[Tutor] Top posters for 2009

Mon Mar 1 07:57:06 CET 2010

Kent Johnson wrote:
> It's not really about keeping score :-), but once again I've compiled
> a list of the top 20 posters to the tutor list for the last year. For
> 2009, the rankings are
>
> 2009 (7730 posts, 709 posters)
> ====
> Alan Gauld 969 (12.5%)
> Kent Johnson 804 (10.4%)
> Dave Angel 254 (3.3%)
> spir 254 (3.3%)
> Wayne Watson 222 (2.9%)
> bob gailer 191 (2.5%)
> Lie Ryan 186 (2.4%)
> David 127 (1.6%)
> Emile van Sebille 115 (1.5%)
> Wayne 112 (1.4%)
> Sander Sweers 111 (1.4%)
> Serdar Tumgoren 100 (1.3%)
> Luke Paireepinart 99 (1.3%)
> wesley chun 99 (1.3%)
> W W 74 (1.0%)
> Marc Tompkins 72 (0.9%)
> A.T.Hofkamp 71 (0.9%)
> Robert Berman 68 (0.9%)
> vince spicer 63 (0.8%)
> Emad Nawfal 62 (0.8%)
>
> Alan, congratulations, you pulled ahead of me for the first time in
> years! You posted more than in 2008, I posted less. Overall posts are
> up from last year, which was the slowest year since I started
> measuring (2003).
>
> Thank you to everyone who asks and answers questions here!
>
> The rankings are compiled by scraping the monthly author pages from
> the tutor archives, using Beautiful Soup to extract author names.

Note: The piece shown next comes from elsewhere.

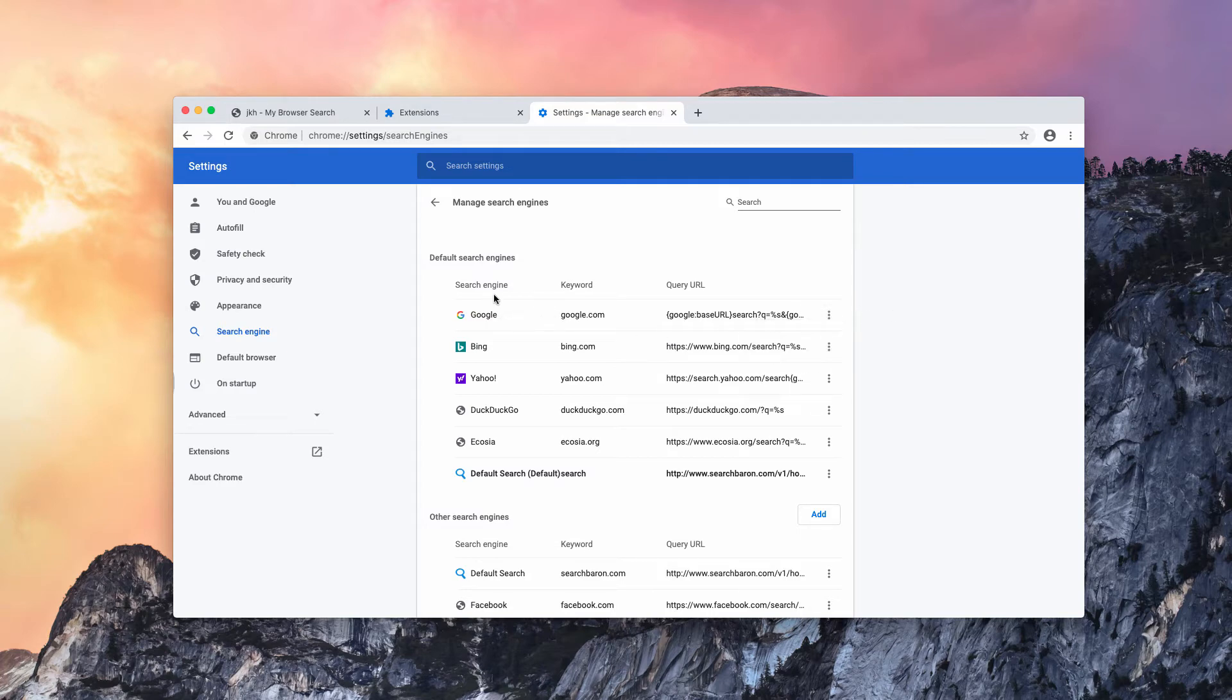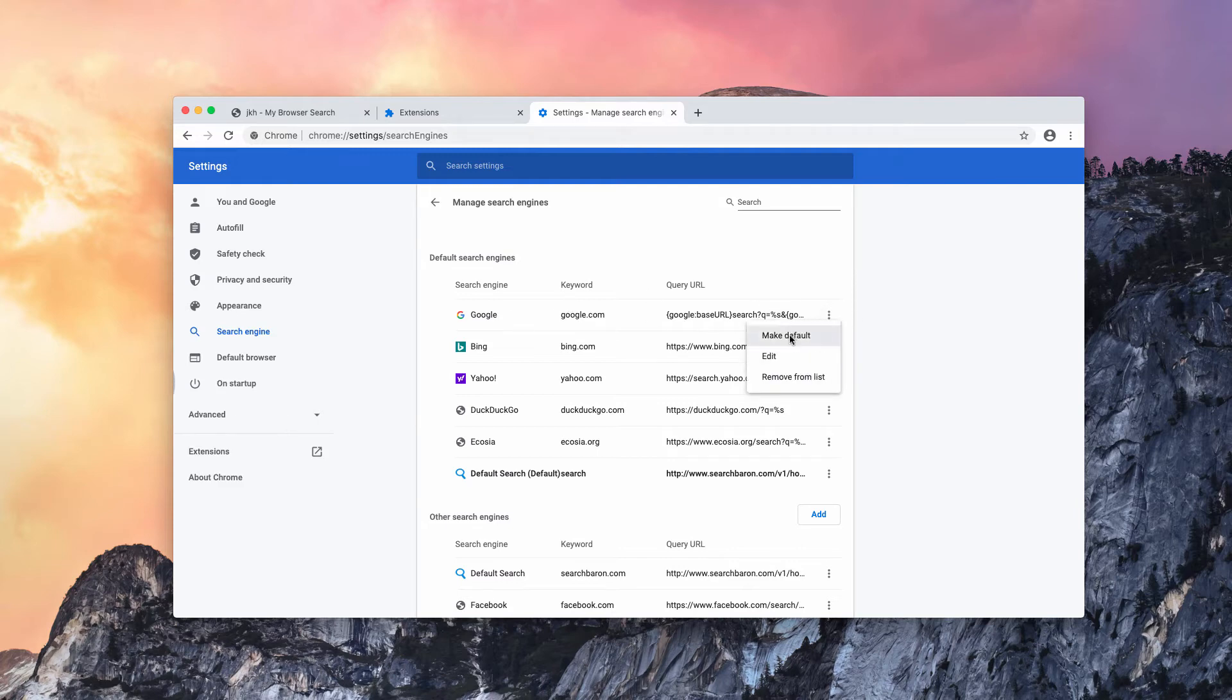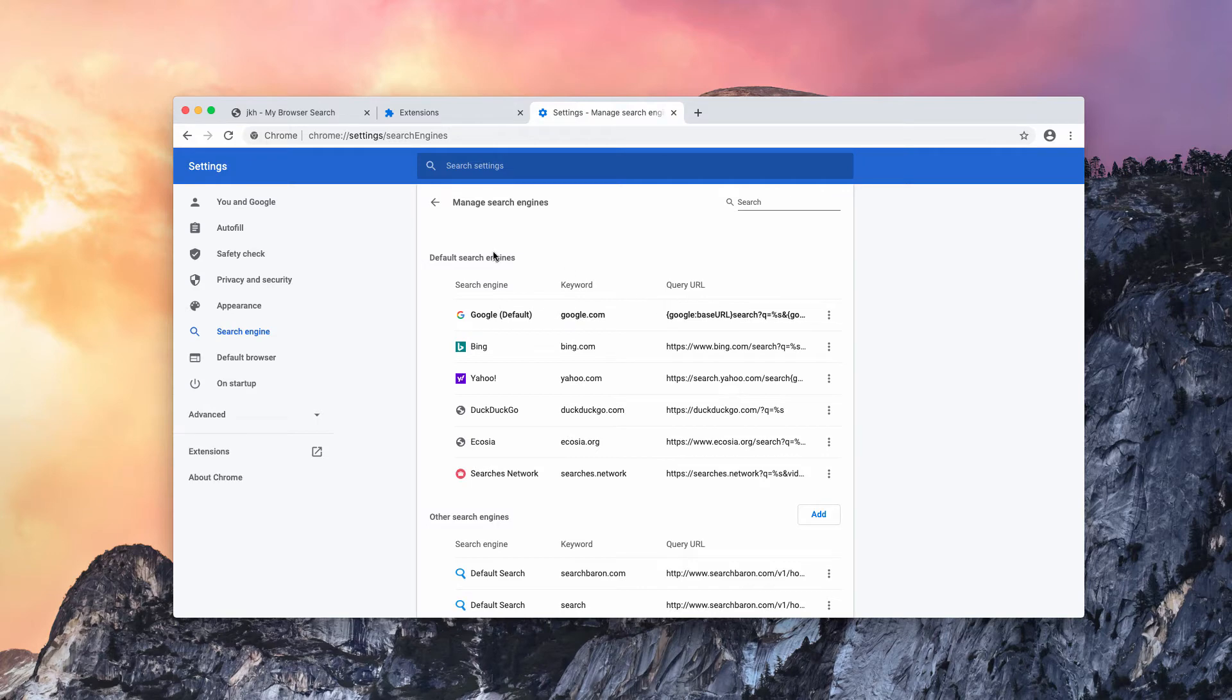You will see several search engines here. Go ahead and set Google as your default search engine, and the problem should be fixed after that.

I
> consolidate counts for different capitalizations of the same name but
> not for different spellings. The script is below.
>
> Kent
>
> ''' Counts all posts to Python-tutor by author'''
> # -*- coding: latin-1 -*-
> from datetime import date, timedelta
> import operator, urllib2
> from BeautifulSoup import BeautifulSoup
>
> today = date.today()
>
> for year in range(2009, 2010):
>     startDate = date(year, 1, 1)
>     endDate = date(year, 12, 31)
>     thirtyOne = timedelta(days=31)
>     counts = {}
>
>     # Collect all the counts for a year by scraping the monthly author
> archive pages
>     while startDate < endDate and startDate < today:
>         dateString = startDate.strftime('%Y-%B')
>
>         url = 'http://mail.python.org/pipermail/tutor/%s/author.html'
> % dateString
>         data = urllib2.urlopen(url).read()
>         soup = BeautifulSoup(data)
>
>         li = soup.findAll('li')[2:-2]
>
>         for l in li:
>             name = l.i.string.strip()
>             counts[name] = counts.get(name, 0) + 1
>
>         startDate += thirtyOne
>
>     # Consolidate names that vary by case under the most popular spelling
>     nameMap = dict() # Map lower-case name to most popular name
>
>     # Use counts.items() so we can delete from the dict.
>     for name, count in sorted(counts.items(),
> key=operator.itemgetter(1), reverse=True):
>        lower = name.lower()
>        if lower in nameMap:
>           # Add counts for a name we have seen already and remove the duplicate
>           counts[nameMap[lower]] += count
>           del counts[name]
>        else:
>           nameMap[lower] = name
>
>     totalPosts = sum(counts.itervalues())
>     posters = len(counts)
>
>     print
>     print '%s (%s posts, %s posters)' % (year, totalPosts, posters)
>     print '===='
>     for name, count in sorted(counts.iteritems(),
> key=operator.itemgetter(1), reverse=True)[:20]:
>         pct = round(100.0*count/totalPosts, 1)
>         print '%s %s (%s%%)' % (name.encode('utf-8',
> 'xmlcharrefreplace'), count, pct)
>     print
> _______________________________________________
> Tutor maillist  -  Tutor at python.org
> To unsubscribe or change subscription options:
> http://mail.python.org/mailman/listinfo/tutor
>
>   
Nice script Kent.
Keep up the good signal-to-noise ratio guys.

-- 
Kind Regards,
Christian Witts